In 2010-0385931I7 (released last week), the Rulings Directorate of the Canada Revenue Agency (Rulings) was asked to consider a case where a partnership of non-resident partners disposed of 25% of the common shares of a Canadian public company (Canco) that owned real estate in Canada. The gain realized by the partnership was not exempt under any applicable tax treaty. The question for Rulings was whether the gain realized by the partnership was taxable in Canada to the non-resident partners. The answer was no: the gain was not taxable. The reasoning of Rulings was as follows.

  • A non-resident “person” is only subject to tax under s. 2(3)(c) if the “person” disposes of taxable Canadian property (TCP).
  • The “person” in the case considered was each partner and not the partnership. Importantly, the rule in s. 96, which treats a partnership as a person for limited purposes, does not apply for purposes of s. 2(3)(c).

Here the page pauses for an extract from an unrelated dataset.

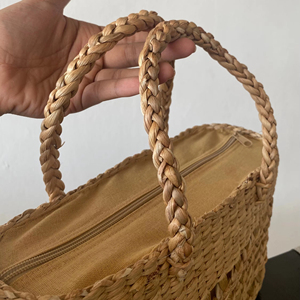 Handmade Water Hyacinth <b>Boho</b> <b>Bag</b> Woven Beach Tote Natural Straw Handbag for Women Sustainable Summer Fashion Shoulder <b>Bag</b> - Product Image 6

  • Under the common law, a member of a partnership does not own any particular property of the partnership in specie.
  • As a result, it could not be said that any particular non-resident partner “owned” 25% or more of shares of Canco for purposes of paragraph (e) of the definition of TCP in s. 248(1). Accordingly, none of the partners disposed of TCP. (A similar principle could well apply for paragraph (d) of the definition of TCP).

Similar reasoning applied for purposes of the reporting and withholding requirements under s. 116. As none of the non-resident partners disposed of TCP, s. 116 did not apply. Rulings noted that these results are likely unintended, and has informed the Department of Finance accordingly. Rulings further said the general anti-avoidance rule (s. 245) would be considered in any case where a partnership has been interposed to avoid what would otherwise be a taxable gain on TCP in Canada.